Repeat all the records exactly, omitting pictures.

● Input data:
※

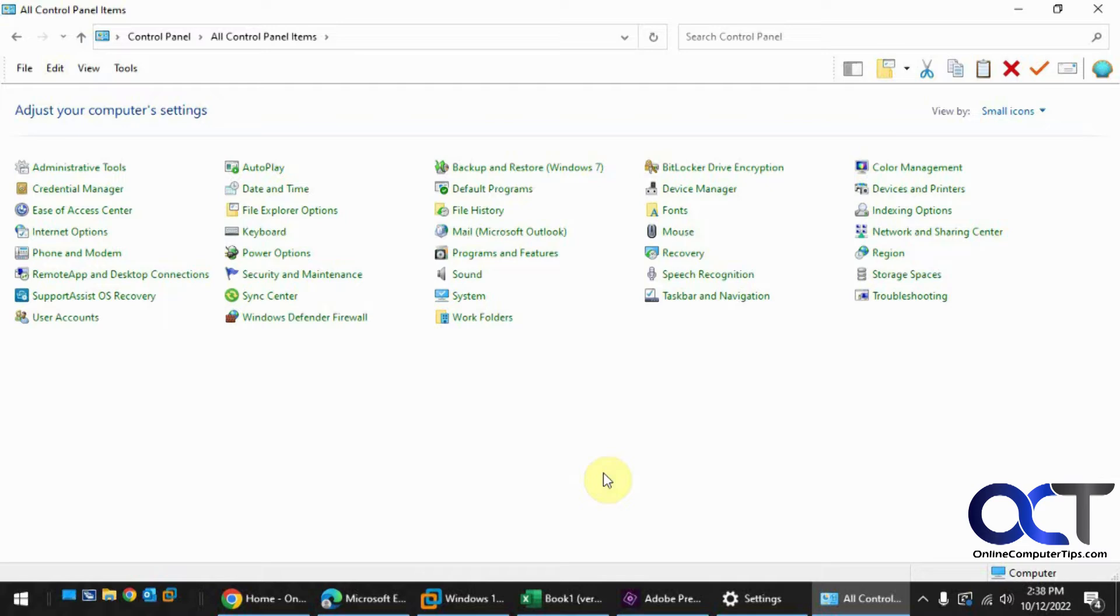So you might have a situation where you need to disable this because you're trying to troubleshoot something and you think that might be part of the problem or you need to slow things down. So if you want to turn that off for whatever the reason might be,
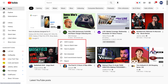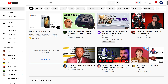Step 3. Click Don't Recommend Channel in this menu. The video is replaced with a message letting you know that YouTube will no longer recommend videos from this channel. Going forward, you'll no longer see videos from this channel in your YouTube feed.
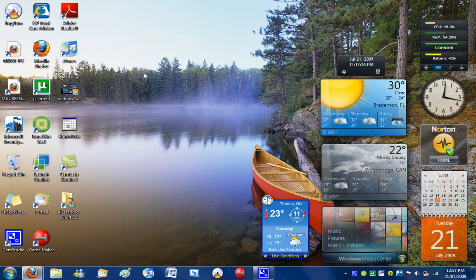Hi, it's the Pacific Fireman, and today I'm going to be showing you the new taskbar in Windows 7, now called Superbar.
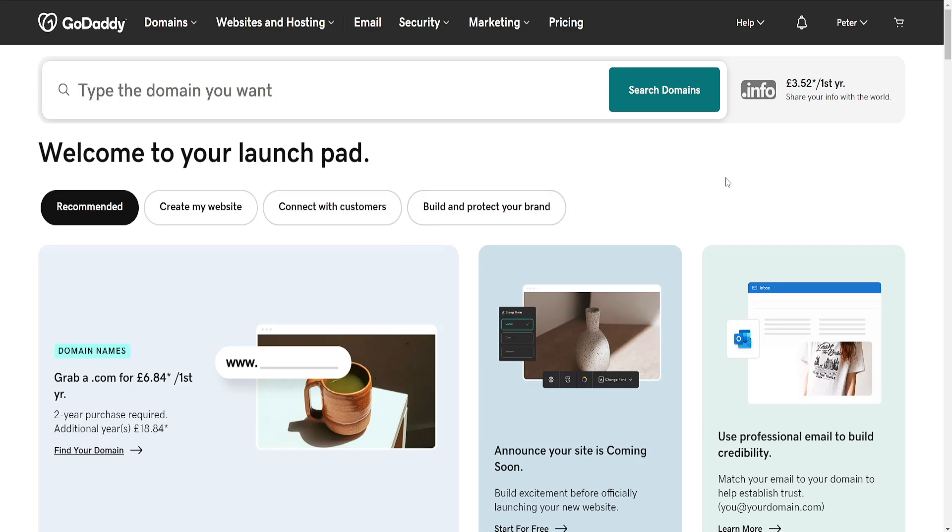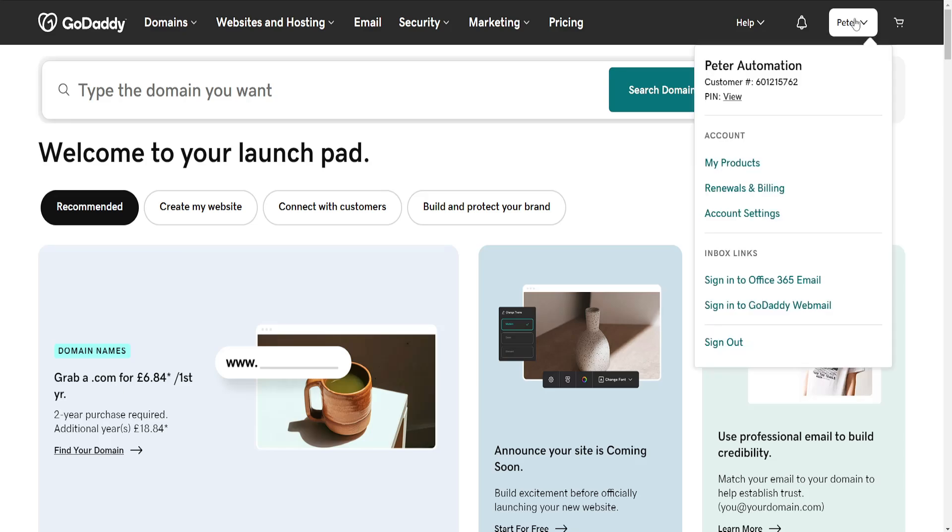How to download SSL certificate in GoDaddy. The first thing that we'll need to do is login to our GoDaddy account, then simply click on your name and go to my products.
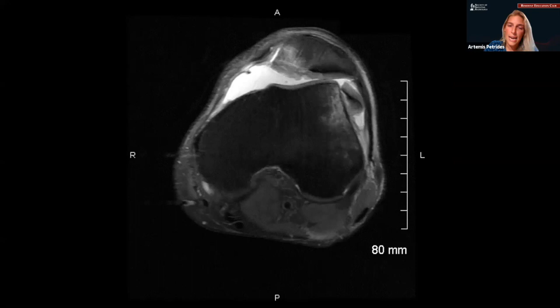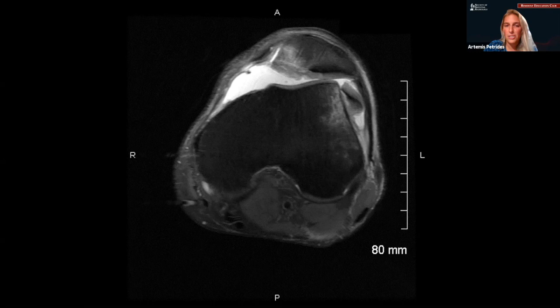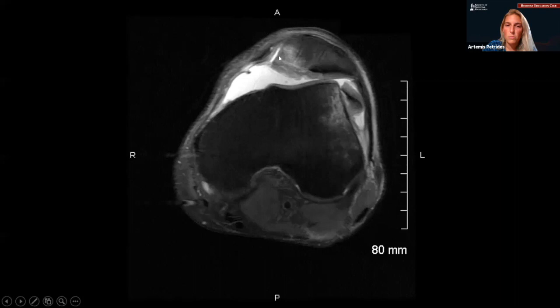Our first case: all cases will start as axial imaging, most of them PD fat saturated, and for clinical history, all cases will present with pain. In this first case, after looking at it for a few seconds, you can see there are obvious abnormalities. We can see a joint effusion, and if we continue to look at abnormal edema signal, there is signal in the lateral femoral condyle and some abnormal signal in the medial patella, consistent with contusions — what we often refer to as kissing contusions.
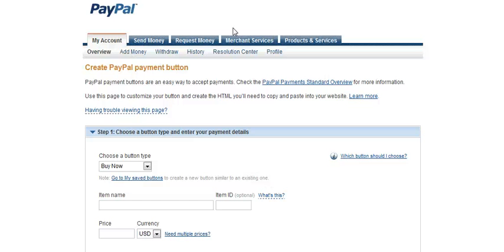Hey guys, this is Al. Today I'm going to be showing you how to create a payment button in PayPal.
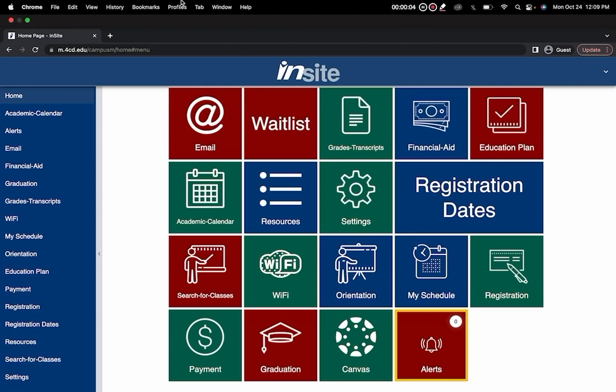Hi everybody, this is Student Ambassador Hanuk from Diablo Valley College and today I'll be showing you how to find your classes.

※

● Solved exercise:
So you might have a situation where you need to disable this because you're trying to troubleshoot something and you think that might be part of the problem or you need to slow things down. So if you want to turn that off for whatever the reason might be,
Step 3. Click Don't Recommend Channel in this menu. The video is replaced with a message letting you know that YouTube will no longer recommend videos from this channel. Going forward, you'll no longer see videos from this channel in your YouTube feed.
Hi, it's the Pacific Fireman, and today I'm going to be showing you the new taskbar in Windows 7, now called Superbar.
How to download SSL certificate in GoDaddy. The first thing that we'll need to do is login to our GoDaddy account, then simply click on your name and go to my products.
Our first case: all cases will start as axial imaging, most of them PD fat saturated, and for clinical history, all cases will present with pain. In this first case, after looking at it for a few seconds, you can see there are obvious abnormalities. We can see a joint effusion, and if we continue to look at abnormal edema signal, there is signal in the lateral femoral condyle and some abnormal signal in the medial patella, consistent with contusions — what we often refer to as kissing contusions.
Hey guys, this is Al. Today I'm going to be showing you how to create a payment button in PayPal.
Hi everybody, this is Student Ambassador Hanuk from Diablo Valley College and today I'll be showing you how to find your classes.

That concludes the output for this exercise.